Thank you to Meg, for waking up at 5 a.m. on my 22nd birthday to take me on a Gile sunrike and not calling it quits even though it was pitch black and pouring rain.

Thank you to Amy and Sophie, for looking at screenshots of texts from boys to help me craft perfect responses. The most fun part of any date I go on is giggling about it with you afterward.

Thank you to Leda, for your contagious, undiscriminating sweetness. I hope that my smiles can brighten people’s days the way that yours do.

And then there are the girls whose names I don’t know who deserve shout outs.

To all of the bubbly girls I’ve met in bathrooms: thank you for holding the locks while I relieve my bladder, passing toilet paper under the stalls, letting me borrow your lipstick and giving me the “You’re crushing life!” pep talks I’ve needed.

Thank you to the girl from my “Econ 26” class who came up to me one night when I was crying in a corner at a party, missing my ex. You’ll never know how much that meant, not being alone in that moment when the floorboards felt flimsy.

Thank you to all these people, and the countless more whom I’ll find a better way to repay than with this little article.

These thank yous aren’t intended as a self-call about how many friends I’ve made over the last four years. They are intended to draw attention to the positive power women create by prioritizing camaraderie above petty drama, jealousy or exclusivity. As women, we’re often pitted against each other with the mentality that we can only rise up by pushing one another down. But the strongest way to reach the top is by building each other up as we go. Female interactions should be mutualistic, not parasitic.

It isn’t all slick, Taylor Swift-esque squad goals. My friends and I don’t walk the red carpet, and we don’t smile all the time. Our friendship is gritty, and that’s the part for which I’m most thankful.

I feel safe exposing the shadows and the splotches of my soul. My friends won’t break up with me. They won’t turn away. They’ll stand closer.

Female friendships don’t solve everything. I still get sad sometimes, I still get annoyed with people, and I still doubt myself. I still get lonely, and I still cry. But now I have a cohort of people who sense when I’m off and won’t let me off the hook if I lie and say, “I’m fine.” They pull me up with a collection of outstretched hands.

That kind of a role is something that a significant other, no matter how great they are, can’t fill because it’s a role too large for any single person. To live a healthy, balanced life, we need supportive relationships that extend beyond romance.
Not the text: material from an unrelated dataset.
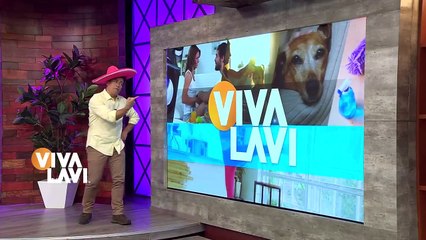 EN EXCLUSIVA: Carín León presenta su sencillo "Colmillo de Leche"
Maybe down the road I’ll find a guy who makes me want to share my girl time with him, but for now I’m having too much fun making memories, mistakes and margaritas with the people who push me to be better, while at the same time embracing me for exactly the flawed human that I am.

We won’t all be living within a five-minute walk of each other next year. We’ll be scattered across the country, and our friendships will take work to maintain. However, we’re not about to be Ivy League graduates for nothing. We can do it, like we’ve done so much these last four years: determinedly, and together.
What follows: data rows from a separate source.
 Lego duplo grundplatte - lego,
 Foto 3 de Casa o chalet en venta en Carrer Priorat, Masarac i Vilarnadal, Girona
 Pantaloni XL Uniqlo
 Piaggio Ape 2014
So now, before putting on our caps and gown and getting choked up on our “See ya soons,” let’s pop the cork on one more bottle of Andre and pass it around the boundless circle.

I could ramble on with a long toast about what we should be celebrating, something about how our bond is the biggest accomplishment that we’re taking out of Dartmouth, greater than any G.P.A. or job offer. Or maybe a feel-good speech about how many more adventures await us just around the river bend.

Instead, I’ll keep it short, only two words swollen with sincerity: “Thank you.”